Jérémy Désir est une grande source d’inspiration, bien qu’il ait fait sa transition professionnelle après moi. Ancien analyste quantitatif pour la banque HSBC, il a annoncé sa démission en 2019 dans une lettre ouverte suite à une prise de conscience de l’impact environnemental désastreux du monde de la finance et de son rôle dans l’écocide en cours. Aujourd’hui, il se consacre à l’accompagnement de salariés en quête de sens au sein de l’association Vous n’êtes pas seuls qu’il a créée avec sa compagne, comme il le mentionne dans cet article pour le média Bon Pote. Thomas Wagner est d’ailleurs une personne à suivre absolument.

J’ai aussi une profonde admiration pour des scientifiques qui prennent clairement position sur l’urgence d’agir comme Jacques Dubochet, Julia Steinerberger ou le philosophe Dominique Bourg.

Aujourd’hui, huit ans après avoir effectué ce virage à 360°, que dirais-tu que ce changement t’a apporté ? Il y a-t-il des choses que tu regrettes ?

Je n’ai aucun regret, je suis vraiment heureuse d’avoir franchi ce cap il y a huit ans. L’entrepreneuriat était vraiment la solution pour faire ce qui me plaisait. Cela m’a apporté la liberté de défendre mes idées sans avoir à rendre de comptes à un employeur. Le seul petit bémol que je mentionnerais est que je vois que les organisations peinent encore à prendre conscience de l’urgence de l’action, et qu’il y a encore beaucoup de chemin à faire.

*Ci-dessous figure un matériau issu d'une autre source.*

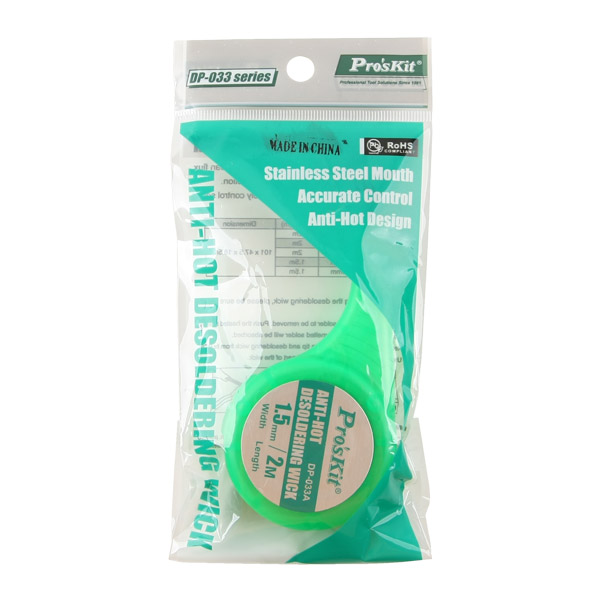 PROKIT (DP-033A), 납흡입 심지(1.5mm) 2M
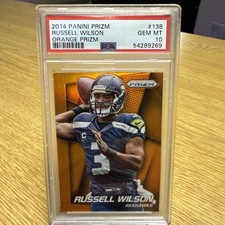 2014 Panini Prizm Baseball Cards 51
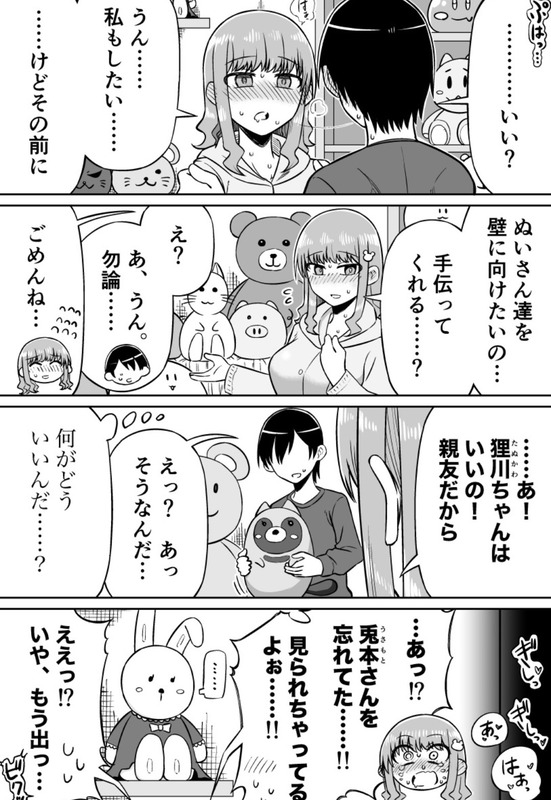 【画像】こういうどこかバグってる女の子いいよね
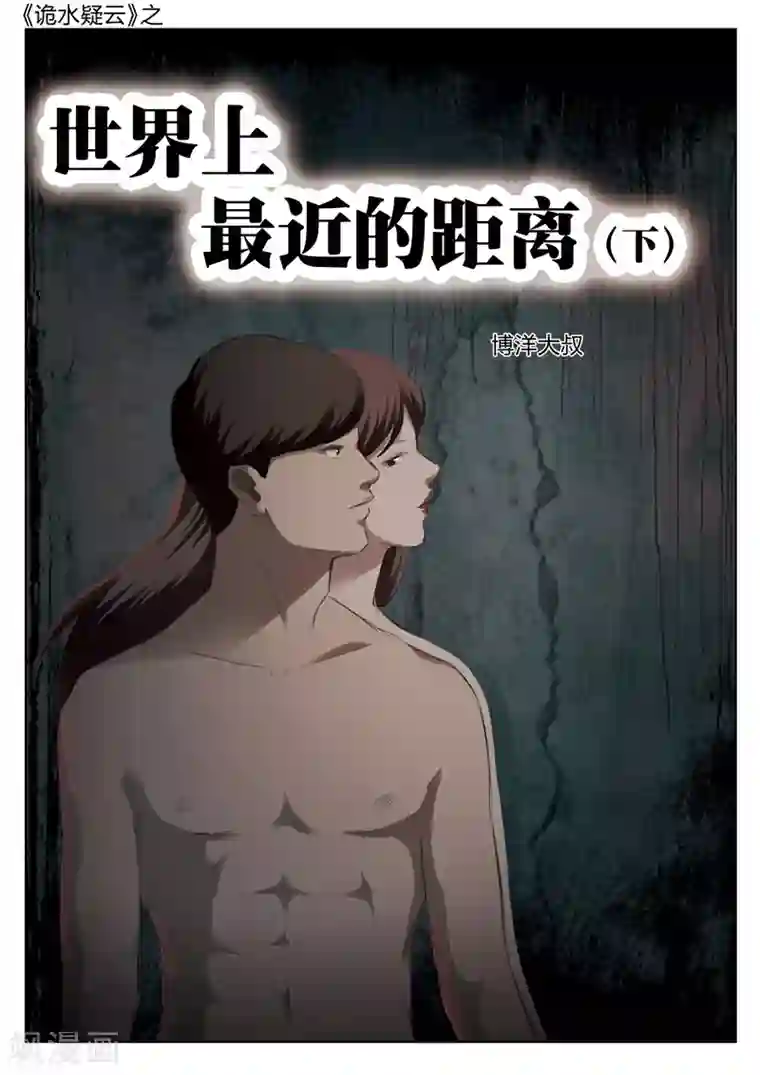 诡水疑云第130话 世界上最近的距离2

Quel serait ton conseil pour des gens qui hésitent à se lancer dans une carrière à impact ?

Écoutez-vous, faites-vous confiance, et essayez de sentir avec vos tripes ce qui vous paraît être juste pour vous. Si vous sentez qu’il n’y a pas d’alignement entre vos valeurs et ce que vous faites au quotidien, alors vous pouvez décider de ne plus le faire et de vous lancer dans quelque chose d’autre qui aura du sens pour vous. Nous passons beaucoup trop de temps au travail pour pouvoir perdre ce temps et cette énergie dans des activités qui ne nous correspondent pas et ne vont pas dans le sens du futur que nous souhaitons voir émerger. De plus, comme l’explique le secrétaire général de l’ONU António Guterres dans The Guardian, nous ne pouvons plus nous permettre de continuer à travailler pour des entreprises qui détruisent l’environnement. Il est temps d’utiliser nos talents au service de la transition vers un monde plus durable et socialement juste.

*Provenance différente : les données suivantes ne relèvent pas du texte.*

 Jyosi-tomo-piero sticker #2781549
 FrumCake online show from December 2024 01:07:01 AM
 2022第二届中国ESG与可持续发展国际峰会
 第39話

As-tu quelques ressources (livres, vidéos etc.) qui t’ont aidée dans ce parcours et qui peuvent accompagner des gens qui se lancent actuellement dans une carrière à impact ?

Je lis beaucoup, il y a donc de nombreux livres qui m’ont aidée et que je conseillerais à toutes celles et ceux qui sont à la recherche de sens dans leur travail. Personnellement, le livre The Responsible Company par Yvon Chouinard, le fondateur de Patagonia, a été une source d’inspiration importante pour moi. Je m’en suis énormément inspirée pour la création de The Positive Project. Il y a également le livre Tu fais quoi dans la vie ? par Joséphine Bouchez et Matthieu Dardaillon, fondateurs de Ticket For Change, qui est très bien. C’est un manifeste de 70 pages, qui se lit très vite, et qui partage des pistes concrètes pour se lancer dans une carrière à impact.  

tu fais quoi dans la vie

Il y a bien sûr également tous les livres qui m’ont aidée dans la prise de conscience de l’urgence dans laquelle nous nous trouvons. La Terre inhabitable de David Wallace-Wells, Le plus grand défi de l’histoire de l’humanité d’Aurélien Barrau, ou encore le talk d’Extinction Rebellion. Ce ne sont pas des ressources spécifiquement sur le thème des carrières à impact, mais elles nous poussent à nous poser des questions sur le sens de ce que nous faisons, dans un monde qui se meurt. Cela remet beaucoup de choses en perspectives, et nous pousse à nous demander pourquoi nous nous levons tous les matins.